There are also crucial legal issues that need to be addressed and answered; for instance, corporations and governments can and will patent, exploit and misuse the Gene/Germline Editing/CRISPR technology. What would be the resulting legal consequences on the lives of humans and their offsprings who had their genes “edited” ? What would be the legal definition and the legal rights of a genetically modified embryo and human being...? And who would own the resulting genetically modified embryo and human being...? 

Conclusion 

To summarize and to conclude, the science is not only primitive, flawed, extremely dangerous and unregulated but also highly unethical. Gene/Germline Editing/CRISPR will literally and irreversibly change our DNA and the DNA of all yet unborn future generations - the sacrosanct essence and blueprint of human Life and of all Life on this planet.

We cannot allow mad and morally bankrupt scientists suffering from severe megalomania play God and Lego with our DNA. Corporations, governments and the Industrial Military Complex can and will patent the technology and can and will exploit and misuse the technology for profit, power, control, eugenics, war and other malevolent and destructive ends. Human history is filled with repeated, countless and endless tragic examples of science and technology being misused for profit, power, control, war and other malevolent and destructive ends.
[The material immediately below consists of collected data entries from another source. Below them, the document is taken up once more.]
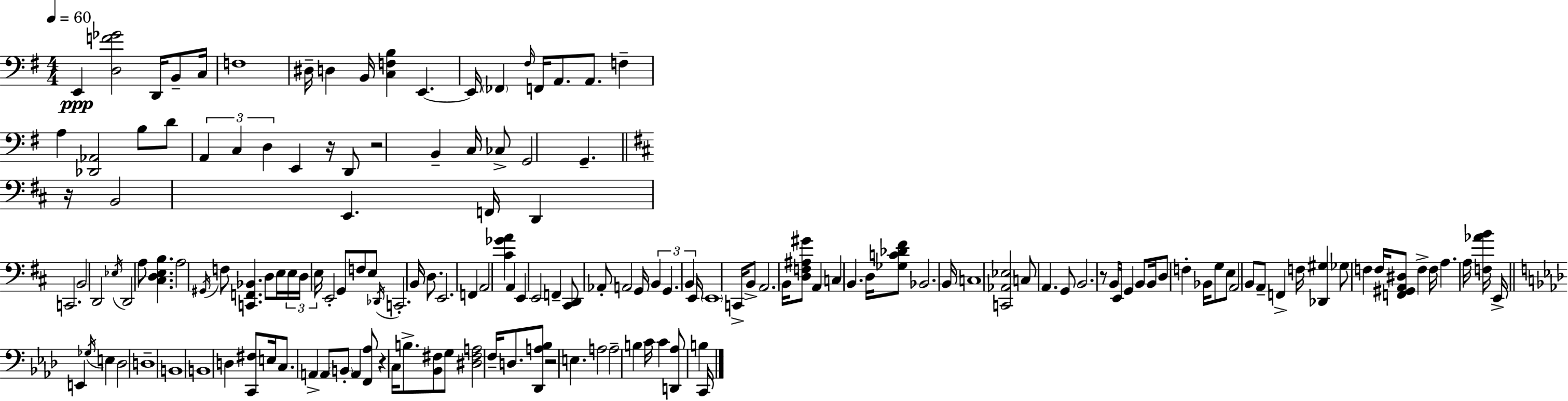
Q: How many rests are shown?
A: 6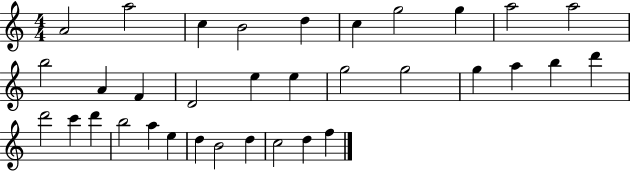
{
  \clef treble
  \numericTimeSignature
  \time 4/4
  \key c \major
  a'2 a''2 | c''4 b'2 d''4 | c''4 g''2 g''4 | a''2 a''2 | \break b''2 a'4 f'4 | d'2 e''4 e''4 | g''2 g''2 | g''4 a''4 b''4 d'''4 | \break d'''2 c'''4 d'''4 | b''2 a''4 e''4 | d''4 b'2 d''4 | c''2 d''4 f''4 | \break \bar "|."
}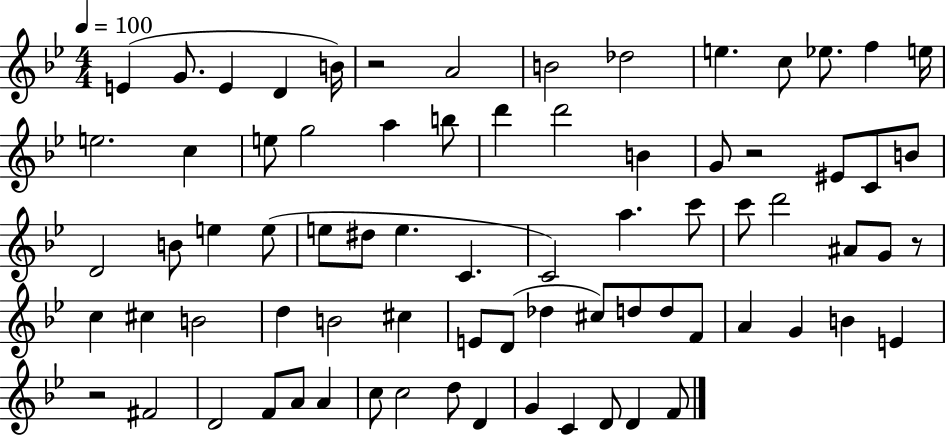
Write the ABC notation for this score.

X:1
T:Untitled
M:4/4
L:1/4
K:Bb
E G/2 E D B/4 z2 A2 B2 _d2 e c/2 _e/2 f e/4 e2 c e/2 g2 a b/2 d' d'2 B G/2 z2 ^E/2 C/2 B/2 D2 B/2 e e/2 e/2 ^d/2 e C C2 a c'/2 c'/2 d'2 ^A/2 G/2 z/2 c ^c B2 d B2 ^c E/2 D/2 _d ^c/2 d/2 d/2 F/2 A G B E z2 ^F2 D2 F/2 A/2 A c/2 c2 d/2 D G C D/2 D F/2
If humanity allows mad and morally bankrupt pseudo-scientists and their sponsors to play God and “edit” their DNA, humanity will open Pandora's box and wake up in a monstrous dystopian world of genetically modified human chimeras and other monstrous chimeras life forms in next 15-30 years...

Gene Editing/CRISPR classified as a Weapon of Mass Destruction

Gene/Germline Editing/CRISPR poses a greater threat and danger to the very near future survival of humanity and of all Life on this planet than nuclear weapons and all the Weapons of Mass Destruction devised by “scientists” and used against humanity to this day. In fact, James Clapper, U.S. director of national intelligence, has recently alarmingly added and classified Gene Editing/CRISPR to a list of threats posed by “weapons of mass destruction and proliferation” in his Worldwide Threat Assessment of the US Intelligence Community. 
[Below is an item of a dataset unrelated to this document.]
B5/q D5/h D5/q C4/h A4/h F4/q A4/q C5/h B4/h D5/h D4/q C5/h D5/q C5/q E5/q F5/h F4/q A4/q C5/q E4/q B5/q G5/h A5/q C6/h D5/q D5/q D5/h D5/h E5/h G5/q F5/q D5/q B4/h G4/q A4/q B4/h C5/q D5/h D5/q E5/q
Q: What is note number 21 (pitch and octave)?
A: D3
“Given the broad distribution, low cost, and accelerated pace of development of this dual-use technology, its deliberate or unintentional misuse might lead to far-reaching economic and national security implications. Research in genome editing conducted by countries with different regulatory or ethical standards than those of Western countries probably increases the risk of the creation of potentially harmful biological agents or products,” the report alarmingly states.
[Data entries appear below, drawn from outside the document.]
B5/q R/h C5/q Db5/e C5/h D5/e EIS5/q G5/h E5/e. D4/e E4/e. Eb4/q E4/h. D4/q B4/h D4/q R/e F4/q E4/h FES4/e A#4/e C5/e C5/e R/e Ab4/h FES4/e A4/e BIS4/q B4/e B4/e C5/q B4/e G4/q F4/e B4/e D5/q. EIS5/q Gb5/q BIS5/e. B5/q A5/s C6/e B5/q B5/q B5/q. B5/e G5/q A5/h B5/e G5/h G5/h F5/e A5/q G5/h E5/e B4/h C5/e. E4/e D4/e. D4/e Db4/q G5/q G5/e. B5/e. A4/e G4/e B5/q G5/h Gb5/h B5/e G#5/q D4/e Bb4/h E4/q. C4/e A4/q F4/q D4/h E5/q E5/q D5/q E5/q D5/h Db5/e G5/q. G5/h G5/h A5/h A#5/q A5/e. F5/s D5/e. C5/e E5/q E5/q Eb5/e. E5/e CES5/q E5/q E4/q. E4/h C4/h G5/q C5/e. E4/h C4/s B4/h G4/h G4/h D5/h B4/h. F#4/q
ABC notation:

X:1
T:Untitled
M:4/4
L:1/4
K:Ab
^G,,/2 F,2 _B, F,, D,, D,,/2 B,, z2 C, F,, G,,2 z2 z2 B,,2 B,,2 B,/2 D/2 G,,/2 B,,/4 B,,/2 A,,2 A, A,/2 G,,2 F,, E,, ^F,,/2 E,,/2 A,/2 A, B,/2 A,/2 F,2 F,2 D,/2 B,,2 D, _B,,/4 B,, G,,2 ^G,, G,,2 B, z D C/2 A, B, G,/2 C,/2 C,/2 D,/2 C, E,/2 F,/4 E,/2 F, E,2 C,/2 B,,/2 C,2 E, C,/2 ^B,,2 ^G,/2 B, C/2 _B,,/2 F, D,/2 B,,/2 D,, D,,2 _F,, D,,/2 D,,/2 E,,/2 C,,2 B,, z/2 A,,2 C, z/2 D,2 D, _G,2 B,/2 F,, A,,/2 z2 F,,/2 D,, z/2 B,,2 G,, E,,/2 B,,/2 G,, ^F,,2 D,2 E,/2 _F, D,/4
"The intelligence assessment drew specific attention to the possibility of using CRISPR to edit the DNA of human embryos to produce genetic changes in the next generation of people—for example, to remove disease risks. It noted that fast advances in genome editing in 2015 compelled “groups of high-profile U.S. and European biologists to question unregulated editing of the human germ line (cells that are relevant for reproduction), which might create inheritable genetic changes.

So far, the debate over changing the next generation’s genes has been mostly an ethical question, and the report didn’t say how such a development would be considered a WMD, although it’s possible to imagine a virus designed to kill or injure people by altering their genomes," writes Antonio Regalado, senior editor for biomedicine at MIT Technology Review. 
Source: https://www.technologyreview.com/s/600774/top-us-intelligence-official-calls-gene-editing-a-wmd-threat/

Hopefully humanity will wake up from its deadly slumber before it wakes up in a dystopian world of monstrous genetically modified human chimeras... 

Note: I will be updating this post as the issue evolves..

Update (13/05/16)

- Scientists hold private meeting at Harvard to discuss "creating synthetic humans genomes from scratch, by stringing together off-the-shelf DNA letters..."  

- Scientists create first "gene edited" hornless dairy cow.